DATA PROVIDED

###

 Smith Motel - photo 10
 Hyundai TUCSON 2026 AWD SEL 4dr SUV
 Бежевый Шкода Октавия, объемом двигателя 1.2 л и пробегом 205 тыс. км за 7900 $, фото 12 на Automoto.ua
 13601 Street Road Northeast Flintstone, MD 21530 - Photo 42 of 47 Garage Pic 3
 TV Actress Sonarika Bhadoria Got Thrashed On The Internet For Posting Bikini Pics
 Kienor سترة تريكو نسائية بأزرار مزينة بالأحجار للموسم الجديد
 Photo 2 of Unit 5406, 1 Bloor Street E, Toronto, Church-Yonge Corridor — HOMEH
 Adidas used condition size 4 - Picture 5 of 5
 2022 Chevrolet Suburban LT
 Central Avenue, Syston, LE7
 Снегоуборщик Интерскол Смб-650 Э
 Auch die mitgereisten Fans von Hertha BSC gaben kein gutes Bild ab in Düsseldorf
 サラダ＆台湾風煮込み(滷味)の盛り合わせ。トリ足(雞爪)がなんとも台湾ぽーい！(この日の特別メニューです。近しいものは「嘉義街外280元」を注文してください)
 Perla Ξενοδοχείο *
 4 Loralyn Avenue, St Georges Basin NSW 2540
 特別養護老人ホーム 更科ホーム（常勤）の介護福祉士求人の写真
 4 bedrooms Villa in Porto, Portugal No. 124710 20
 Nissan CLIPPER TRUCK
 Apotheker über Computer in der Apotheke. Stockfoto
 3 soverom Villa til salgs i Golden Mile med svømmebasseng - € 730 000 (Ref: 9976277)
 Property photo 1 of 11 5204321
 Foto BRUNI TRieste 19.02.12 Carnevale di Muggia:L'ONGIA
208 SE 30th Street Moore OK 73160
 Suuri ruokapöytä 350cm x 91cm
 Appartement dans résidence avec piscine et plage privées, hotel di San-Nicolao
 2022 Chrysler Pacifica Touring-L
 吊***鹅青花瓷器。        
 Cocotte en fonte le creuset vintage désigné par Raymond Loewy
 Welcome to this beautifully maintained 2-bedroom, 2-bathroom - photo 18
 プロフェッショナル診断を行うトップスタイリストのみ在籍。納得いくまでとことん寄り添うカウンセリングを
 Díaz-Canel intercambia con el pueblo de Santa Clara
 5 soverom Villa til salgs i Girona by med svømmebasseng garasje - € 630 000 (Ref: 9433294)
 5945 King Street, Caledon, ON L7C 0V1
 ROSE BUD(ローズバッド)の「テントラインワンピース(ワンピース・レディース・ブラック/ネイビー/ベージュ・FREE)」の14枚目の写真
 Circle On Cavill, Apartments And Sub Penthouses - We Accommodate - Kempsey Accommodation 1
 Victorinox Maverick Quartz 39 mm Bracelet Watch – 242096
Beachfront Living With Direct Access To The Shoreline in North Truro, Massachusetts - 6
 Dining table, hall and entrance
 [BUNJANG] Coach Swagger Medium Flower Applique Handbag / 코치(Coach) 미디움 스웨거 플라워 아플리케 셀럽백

###

A reply should hold exactly the lines from the one containing "Dining table, hall and entrance" through the end of the data above, nothing more.

 Dining table, hall and entrance
 [BUNJANG] Coach Swagger Medium Flower Applique Handbag / 코치(Coach) 미디움 스웨거 플라워 아플리케 셀럽백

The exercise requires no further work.